There are those who try to silence me. “The arena of politics is unbefitting for a rabbi”, they say. “You’re a fool to believe in insidious racism,” they say. “You just don’t understand,” they say. Well, here’s what I say. I say that my religion makes it my responsibility to be the voice of the voiceless and the champion of the oppressed. I say that I'd rather be a fool fighting against injustice than an intellectual tolerating it. And I say that I may not understand a lot but I do understand that to stop “othering” the other, I must realize he’s my brother from another mother.
My father taught me that as long as ignorance, intolerance, and injustice exist, we can never rest lest we rest in peace. His ancestor died at the Battle of Gettysburg fighting for that truth, often not so self-evident, that all people are created equal. He used a sword and a bayonet. I pick up the proverbial pen to continue his legacy. For it is only through the heroes of our past
, upon whose mighty shoulders we now stand, that the evolution of democracy and liberty can continue to march forward. As Rabbi Tarfon taught in the Talmud, “It is not your obligation to finish the work nor are you free from engaging in it, etc” (Pirkei Avot 2:16).
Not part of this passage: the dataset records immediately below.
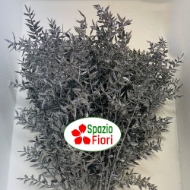 Immagine di PUNGITOPO BRILLANTINATO (RUSCUS ACULEATUS) 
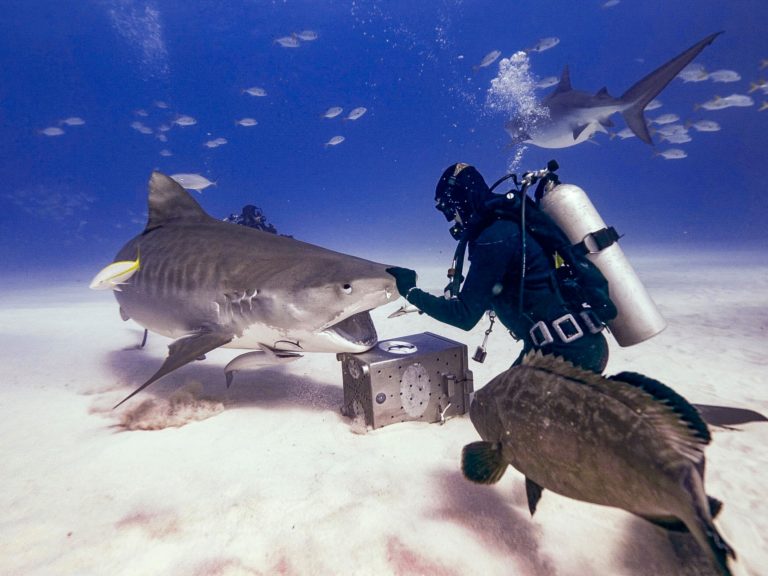 Feeding d'un requin tigre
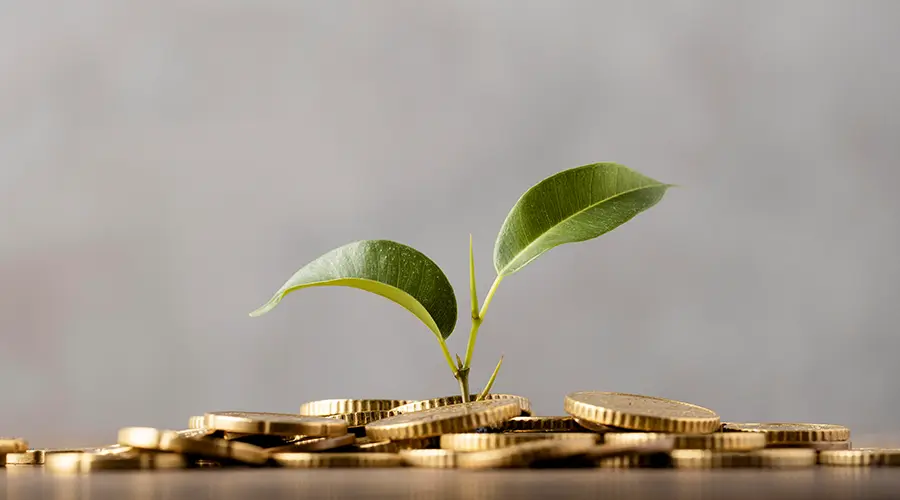 La solvencia de tu aseguradora, tu garantía de tranquilidad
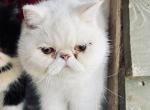Marshmallow - Exotic Cat For Sale - Ozark&comma; AL&comma; US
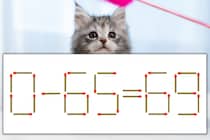【マッチ棒パズル】正しい式にしよう！「0-65=69」【毎日脳トレ】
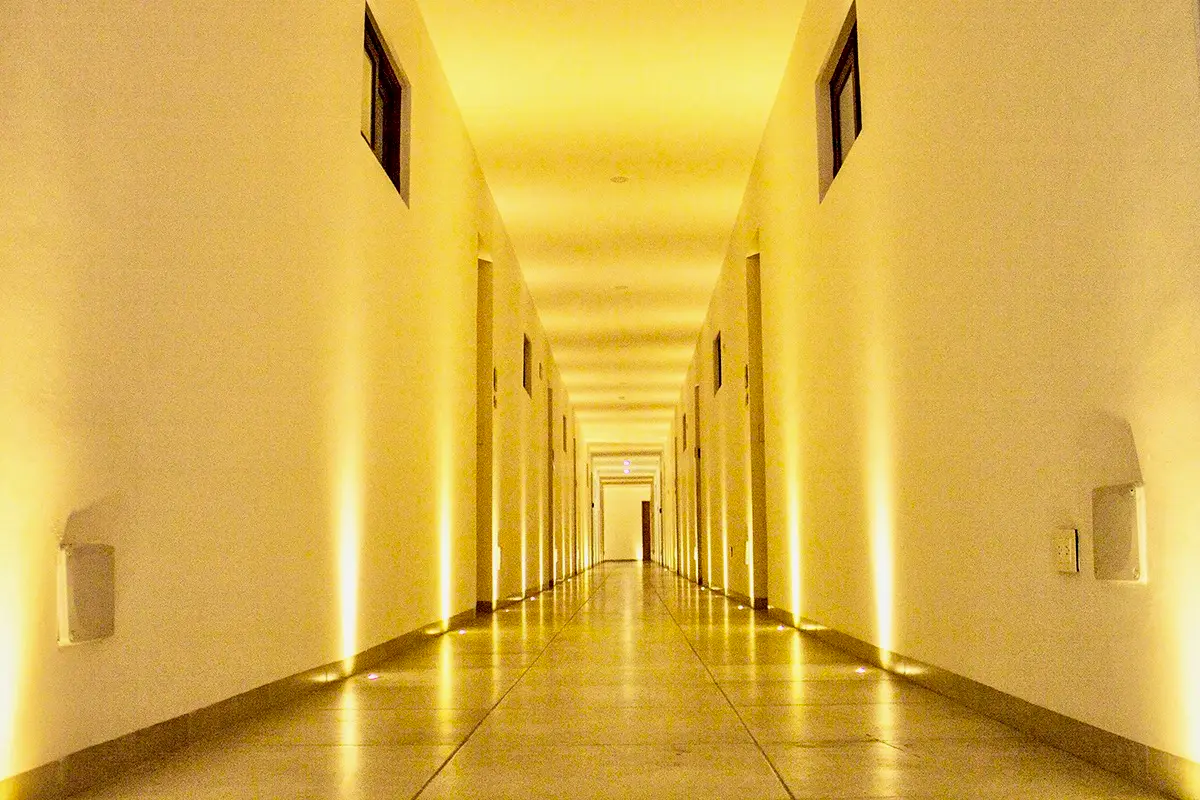 Menesse the City Menesse the City 2225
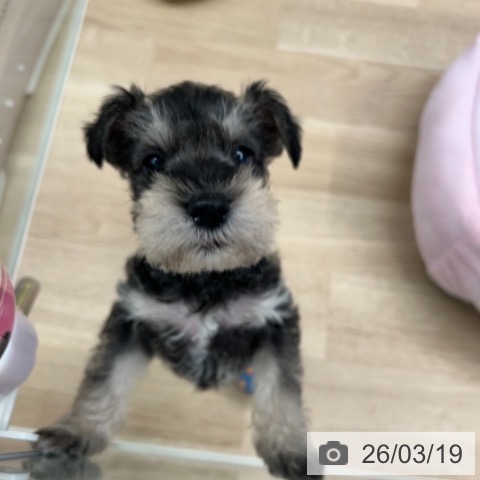 ミニチュア・シュナウザーの写真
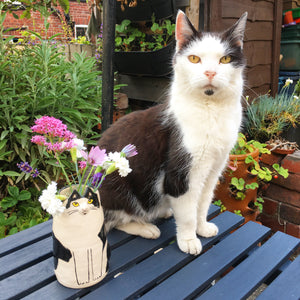 Not Just A Cat...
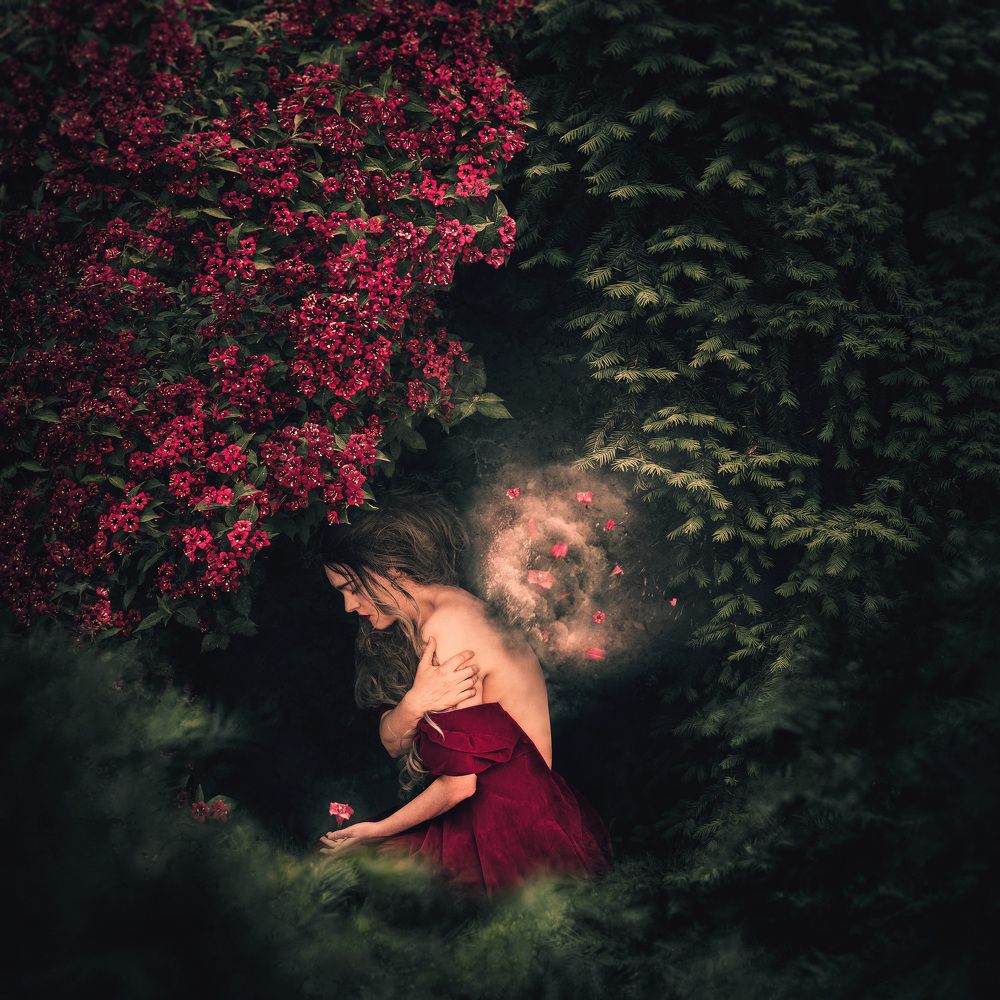 Photograph by Darago Zsófia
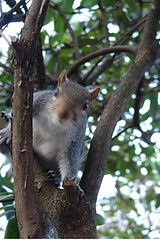 Image showing SQUIRREL 1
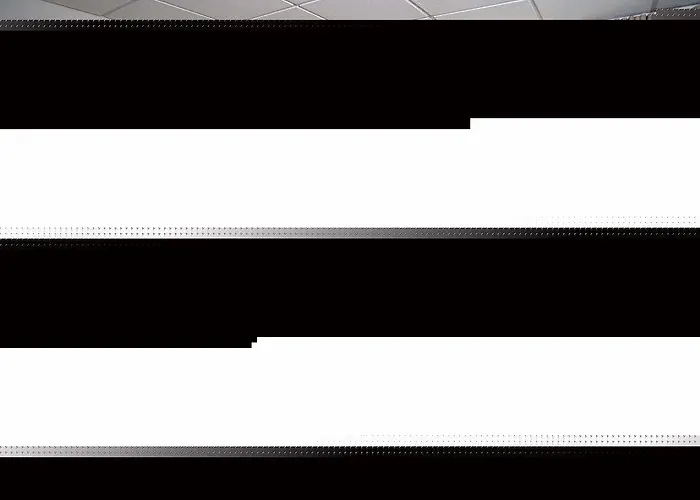 Ibis Styles Centre Hotell 3*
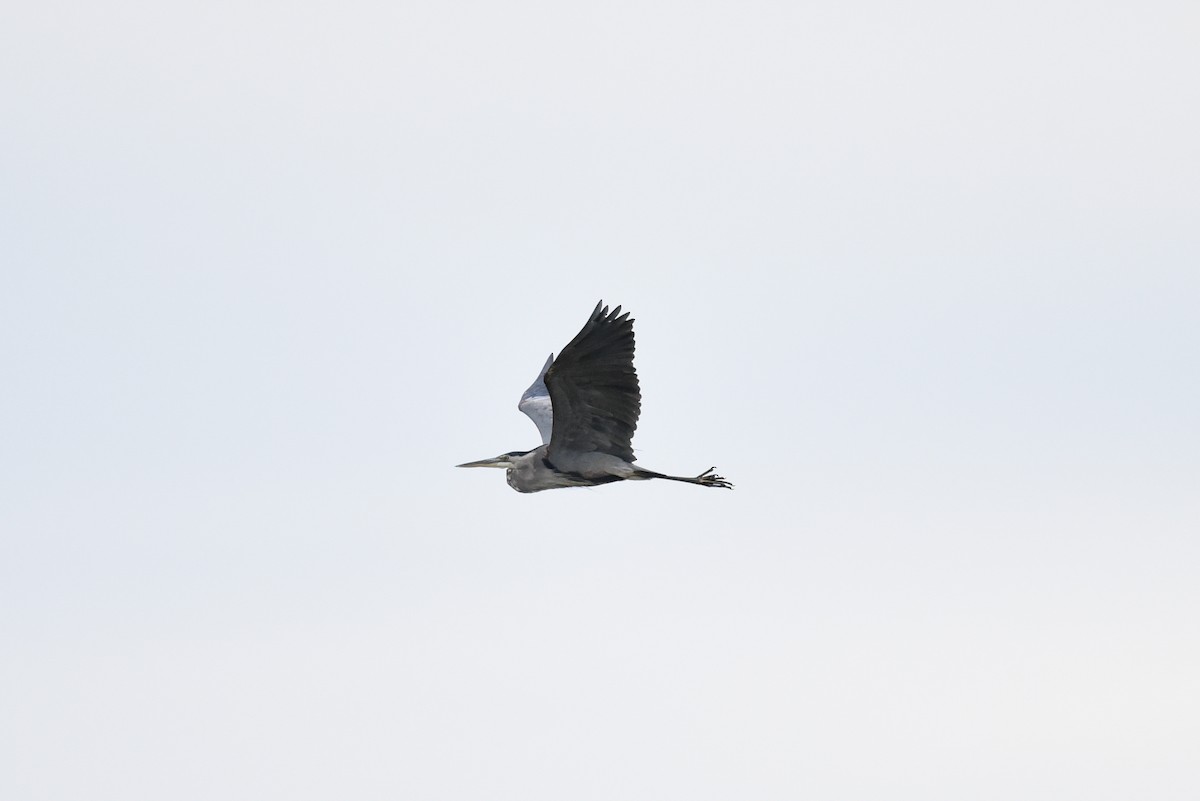 Great Blue Heron - ML642060681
In these recent years of proliferated polarization, the victims of bigotry have eclipsed our nation’s attention. And it is what we do next, what we tell our youth
in the coming days, what ideas we normalize in our homes that will determine the future of our United States.
I believe what Dr. King wrote in 1967 that “Hate cannot drive out hate, only love can do that.” I believe what Elie Wiesel said in 1986, “Peace is our gift to each other.” And I believe what the Lubavitcher Rebbe told Mayor David Dinkins
after the 1991 riots, “We are not two sides; we are one side. We are one people living in one city under one administration and under one G-d.”
These leaders have all passed on but their light will never pass away. As the Talmud teaches, “When his children are alive, he is alive.” (Talmud, Taanit 5b). Dr. Bernice King, daughter of the late Martin Luther King Jr., quotes Isaiah 1:17, “Learn to do good; seek justice; correct oppression.” Elisha Wiesel, son of the late Elie Wiesel, channels his father as he asks
"How can so many among us deny that white privilege is real when our African-American brothers and sisters still suffer from the effects of a century of Jim Crow laws and voter suppression?" And I follow in the footsteps of my Rebbe who taught me that we treat G-d as our Father in Heaven in order that we might treat one another as G-d’s children here on Earth.”